At the forum, they had two people from different industries, both entrepreneurs at different stages of their journeys and treated it like speed dating (which was a great way to have quick-fire questioning).
I was clear that I didn’t want it to be exactly the same, we wanted more of a free-flowing conversation between two people with me asking each of the kick off questions. However, a few things were very important to me.
- I didn’t want prescribed questioning to detract from an organic free-flowing discussion.
- The conversation can become stunted if people practice and prepare their answers. So no one saw any questions in advance, which suited most people, but a couple felt less relaxed.
- My role is not to be an expert. It was so important to me to come from the position of knowing nothing. Even in cases where I knew the full context, my role was to have no previous knowledge for the listener.
The audiences. From the start we wanted to make this enterprise valuable to multiple audiences.
- People within the tech ecosystem within SK – those who have a relationship with Innovation Place or the firms themselves.
- Investors / Entrepreneurs regardless of location – possibly outside of the tech sector, but interested in the world within the community.
- Audience in the tech sector, but not local.
- General population, regardless of location.
Each of the expert contributors spoke eloquently about the people, community, their firms and journeys. I ensured that everything within the podcasts had context, so we avoided acronyms and any assumed knowledge of processes.
I want to say a big thank you to Mike Wolsfeld and those whom enabled him to support and be a part of this project.
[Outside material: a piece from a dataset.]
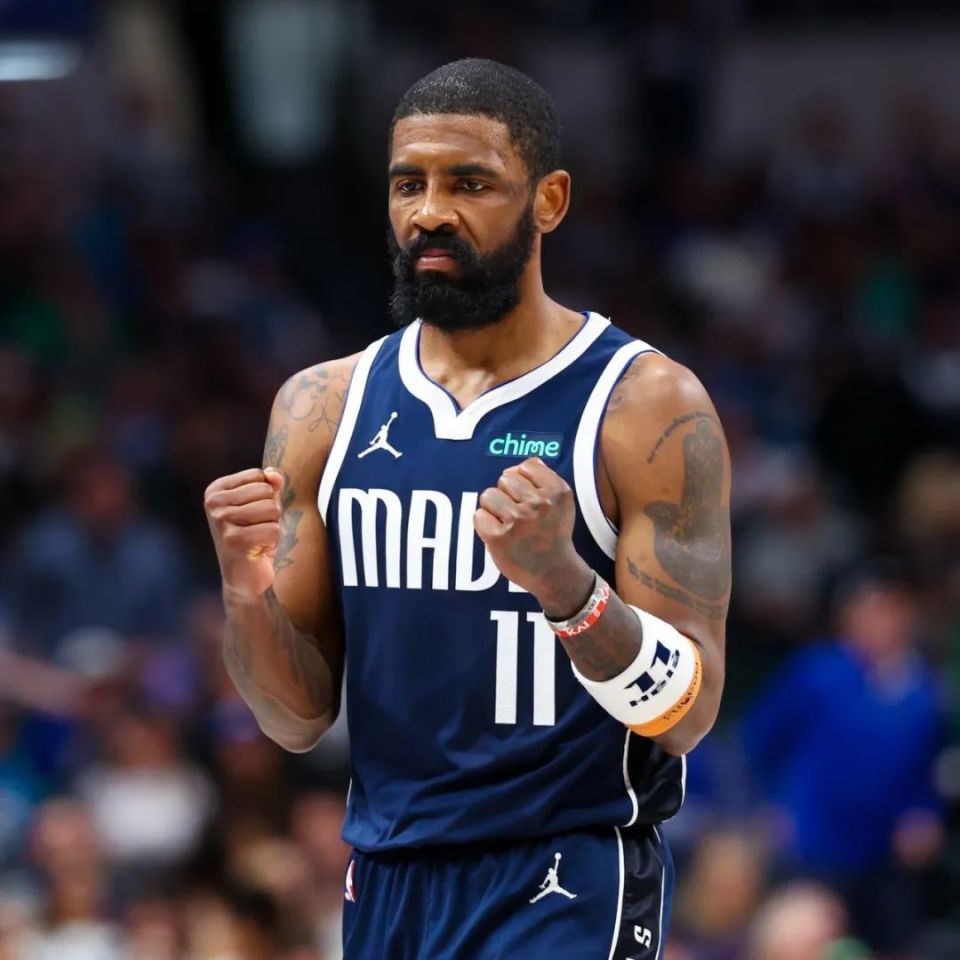 者留下了深 者留下了深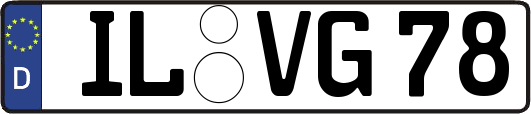 IL-VG78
His vision of each episode enabled us to have a production which offers value to listeners, whether that be in regards of lessons shared, processes relayed or places for tech entrepreneurs to get started. Another thank you goes to the graphic designer at Innovation Place, the ideas that you came up with for the visual identity were brilliant. You really pushed us to focus on how the brand comes together.
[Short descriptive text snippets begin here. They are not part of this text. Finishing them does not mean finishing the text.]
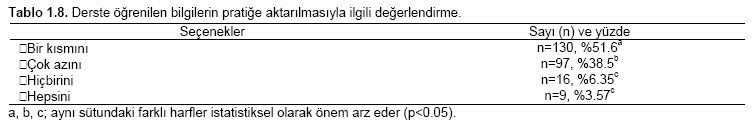 Table 8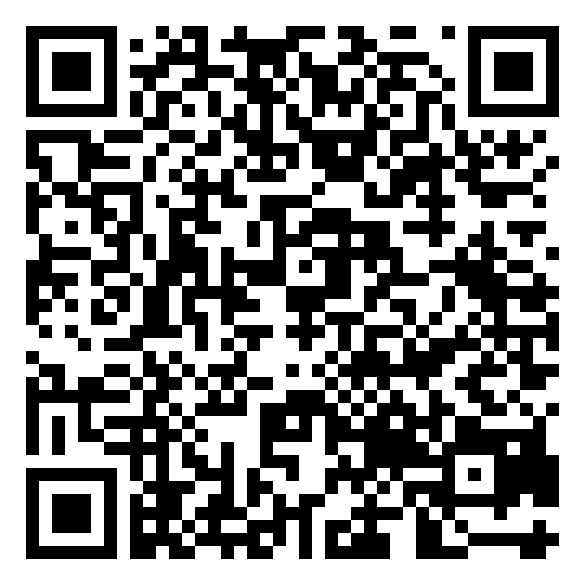 QR code 63961405500000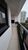 Apartamento, 1 quarto, 48 m² - Foto 13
Without the contributors, we would not have a podcast at all. Thank you.
When I speak about the importance of telling stories as an organization, that importance expands to storytelling for a sector and location. Startupville does that. It is a useful production, packed full of personality, lessons and useful advice. As the presenter, I knew that if I learned something useful from each episode, then the listening audiences would as well.
For each organization, this is another avenue to reach people or cement relationships. The podcast is an opportunity to give back to others through sharing advice and leveraging experience. It is also the epitome of content marketing. No one was here to sell anything, but through storytelling, it will certainly help awareness and demonstrate expertise.
For Martin Charlton Communications, we are proud to partner with Innovation Place to bring these stories to life. We always enjoy speaking at Innovation Place, engaging with our existing clients and building relationships with all tenants.
As for me, Dan Gold, what do I gain from this? Unlocking those stories is important to me and the podcast is another tool for me to share with investor audiences in the UK. This market is an untapped resource and I want to see more international inward investment. Organizations such as the Provincial Government, STEP and EDC do a fantastic job with the resources they have. we're simply adding to the share of voice that SK has on the world stage.
I also enjoy sharing production skills, Mike is new to audio editing, program making and production. To help him learn new skills and understand the reason why production happens in a certain way or an editing technique, that makes me very happy. He has picked up pre-production and post production skills to add to the CV, I can't wait to see how he uses them in the future.
Thanks for reading this. I could go on about KPIs, stats, audiences, reach and marketing, but I am going to enjoy overseeing the edit on the next episode.